Work task:
Below are the records; give again exactly the lines from the one containing "Exact Industrial Supply" through the one containing "Tienda de Pegatinas", leaving out pictures.

Provided information:
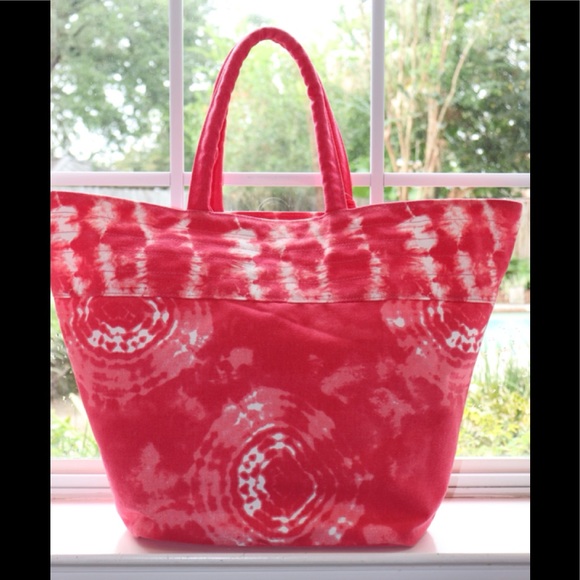 NO BOUNDARIES PINK/WHITE CANVAS TOTE - Picture 4 of 9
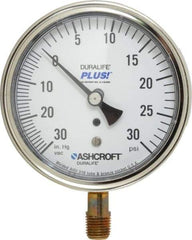 Ashcroft - 3-1/2" Dial, 1/4 Thread, 30-0-30 Scale Range, Pressure Gauge - Lower Connection Mount, Accurate to 1% of Scale - Exact Industrial Supply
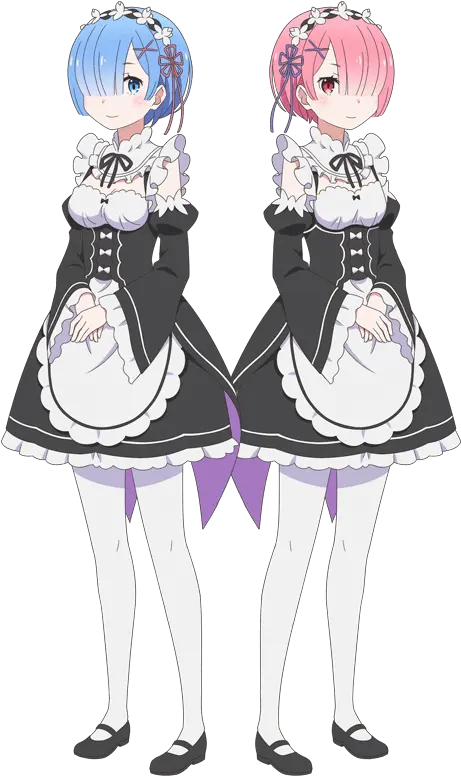 Ramrem Cosplay Rezero Kara Hajimeru Isekai Seikatsu Re Life In A Different World Kawaii Sisters Costume Maid Servant Dress Re Zero Rem And Ram Png Kanna Kamui Png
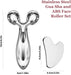 Stainless Steel Gua Sha and Face Roller Set, Facial Tool for Face Sculpting, Metal Skin Care, Massager for Women
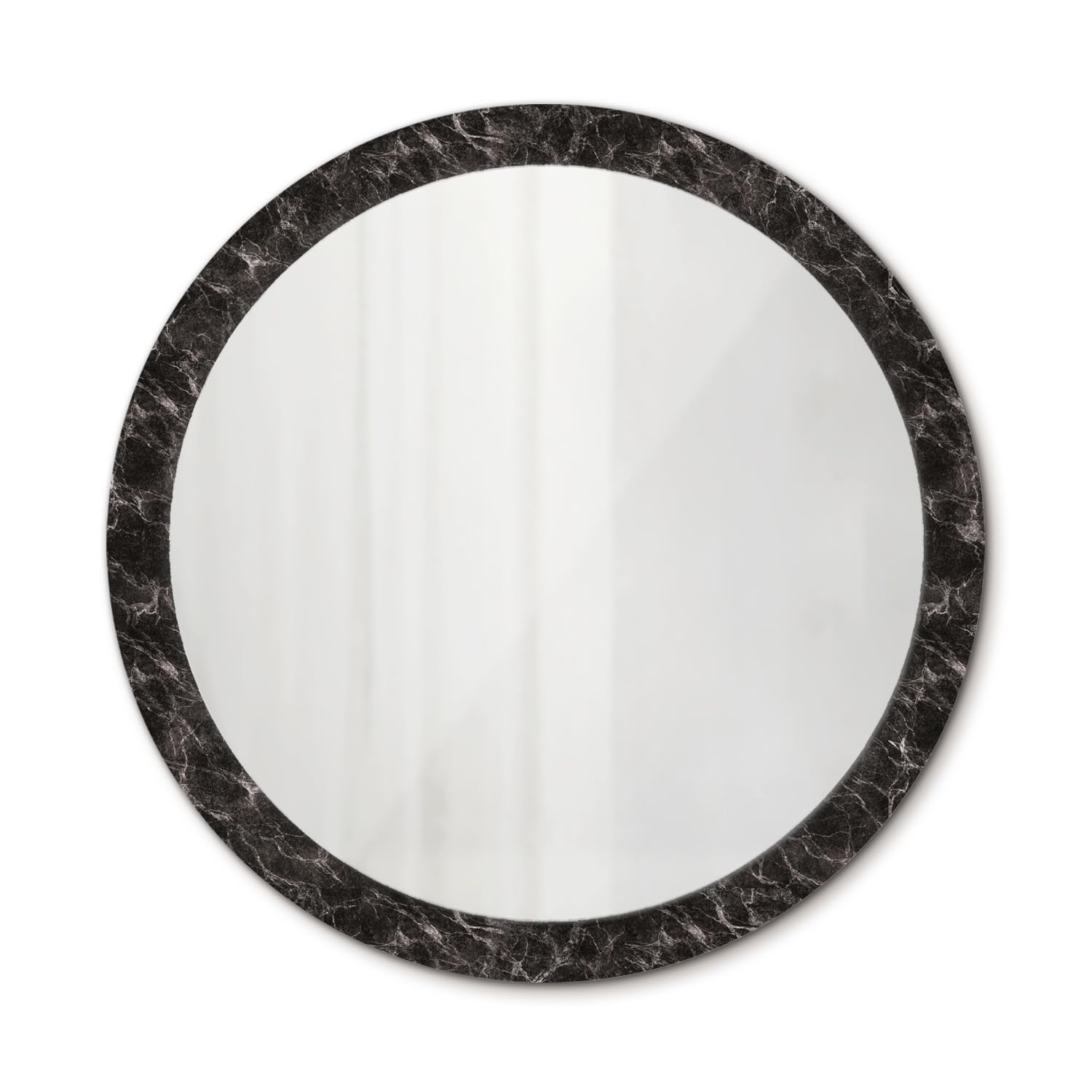 Grand miroir imprimé 100 cm en marbre noir rond sans cadre pour salon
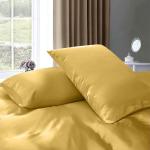 Cloud Fino Silk Satin Bed Linen Set, Queen, Deep Pocket, Gold, 4pcs Including Fitted Sheet & Duvet Cover
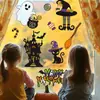 Tienda de Pegatinas de Halloween Pegatina para Vidrio de Puerta de Ventana Pegatina de Ventana Removible Decoraciones de Brujas de Terror Pegatina de Pared Autoadhesiva
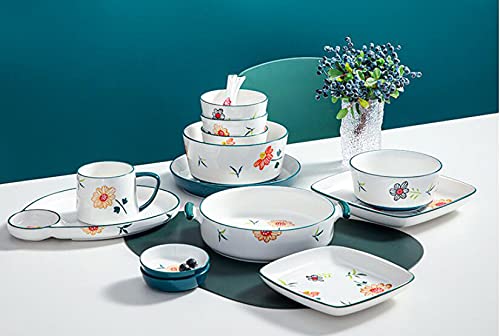 Hand Painted Porcelain Soy Sauce Dish Set - 4 Piece Green & White Sunflower Design - Perfect for Sushi, Dumplings, and Asian Cuisine Seasoning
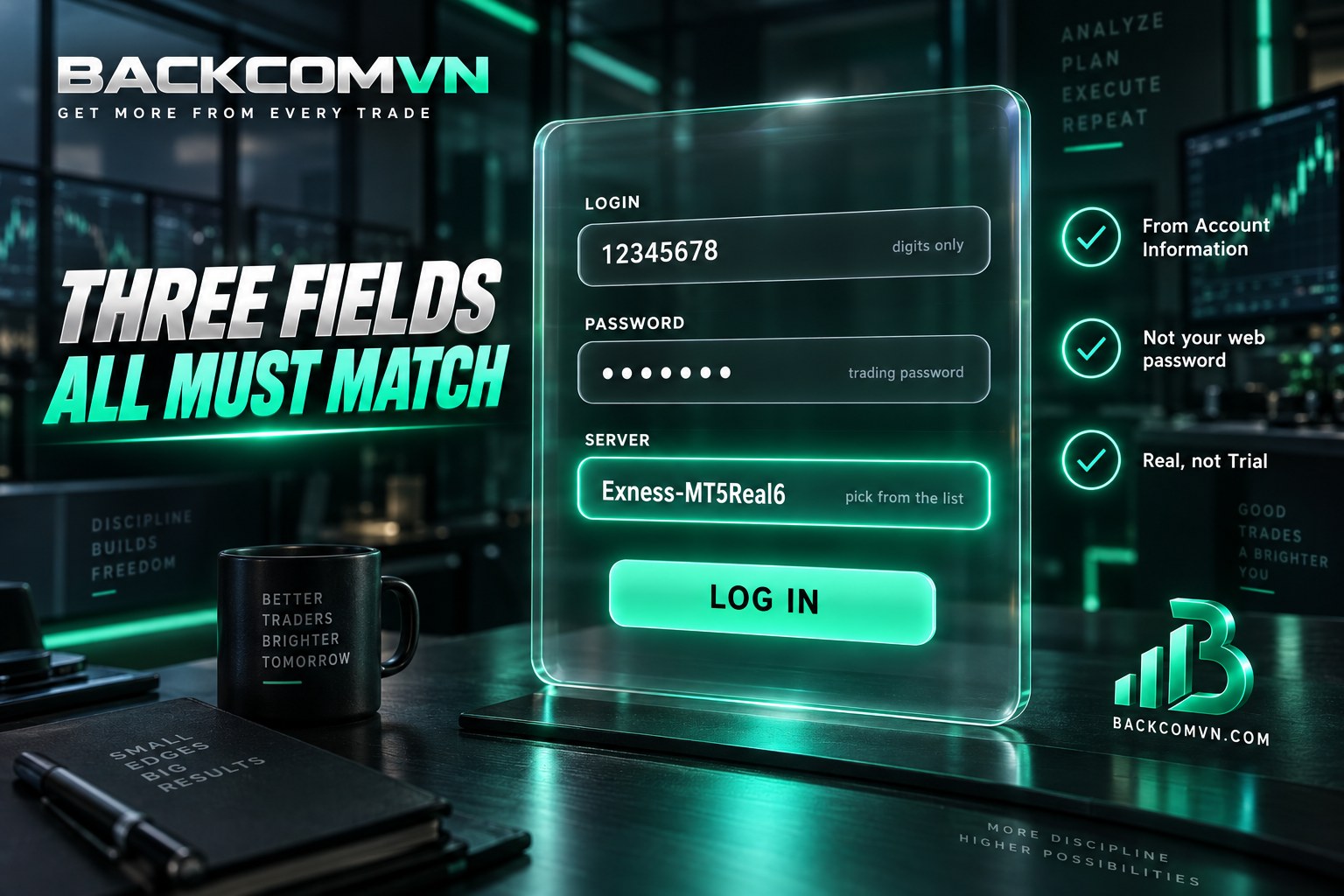 MT5 login screen showing the account number, trading password and server fields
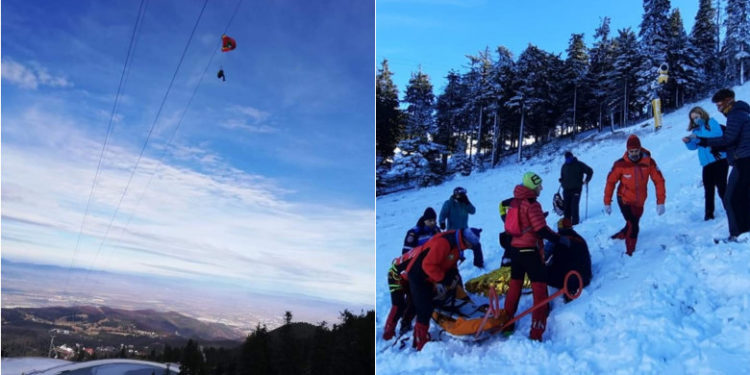 Un parapantist a căzut de la 40 de metri după ce s-a agățat în cablurile Telecabinei din Poiana Brașov | FOTO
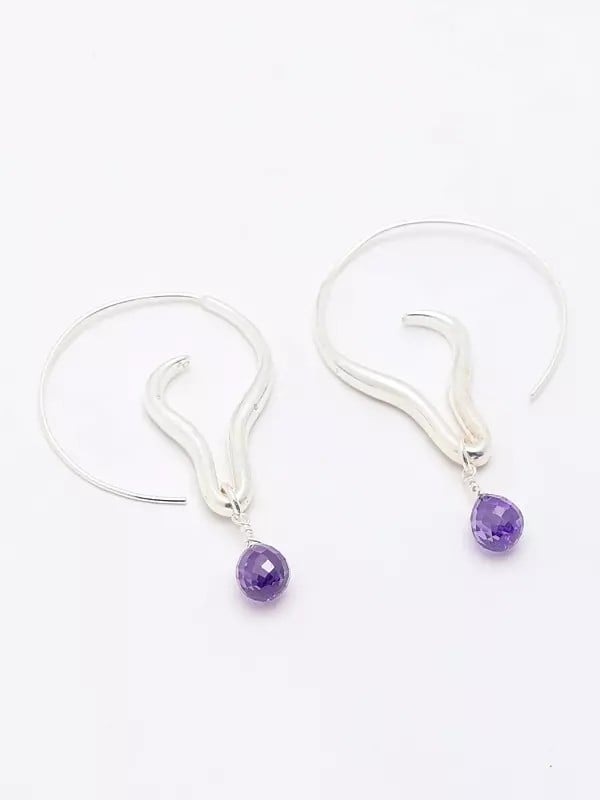 Exotic India Designer Faceted Amethyst Earrings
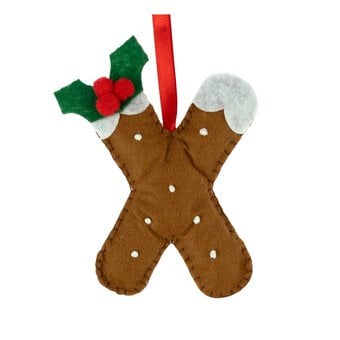Hanging Christmas Pudding Felt Letter X image number 2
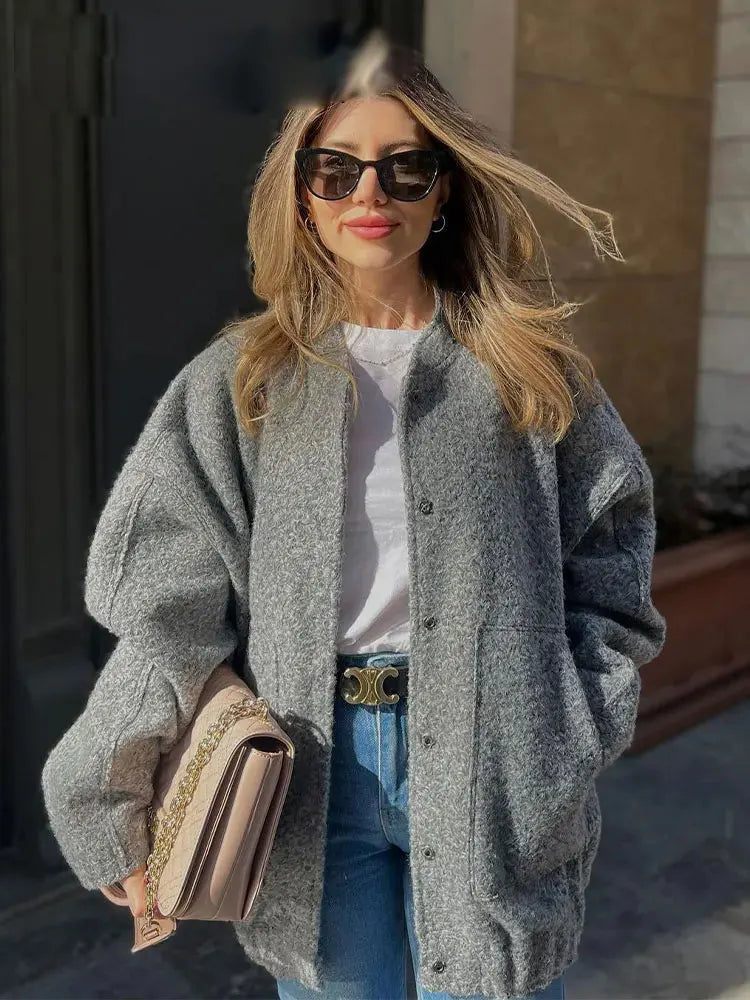 Woman Winter Coat Solid Pockets Loose Single-Breasted Jacket Women's Wild Basic Streetwear Outerwear Female Cardigan Top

Answer space:
 Ashcroft - 3-1/2" Dial, 1/4 Thread, 30-0-30 Scale Range, Pressure Gauge - Lower Connection Mount, Accurate to 1% of Scale - Exact Industrial Supply
 Ramrem Cosplay Rezero Kara Hajimeru Isekai Seikatsu Re Life In A Different World Kawaii Sisters Costume Maid Servant Dress Re Zero Rem And Ram Png Kanna Kamui Png
 Stainless Steel Gua Sha and Face Roller Set, Facial Tool for Face Sculpting, Metal Skin Care, Massager for Women
 Grand miroir imprimé 100 cm en marbre noir rond sans cadre pour salon
 Cloud Fino Silk Satin Bed Linen Set, Queen, Deep Pocket, Gold, 4pcs Including Fitted Sheet & Duvet Cover
 Tienda de Pegatinas de Halloween Pegatina para Vidrio de Puerta de Ventana Pegatina de Ventana Removible Decoraciones de Brujas de Terror Pegatina de Pared Autoadhesiva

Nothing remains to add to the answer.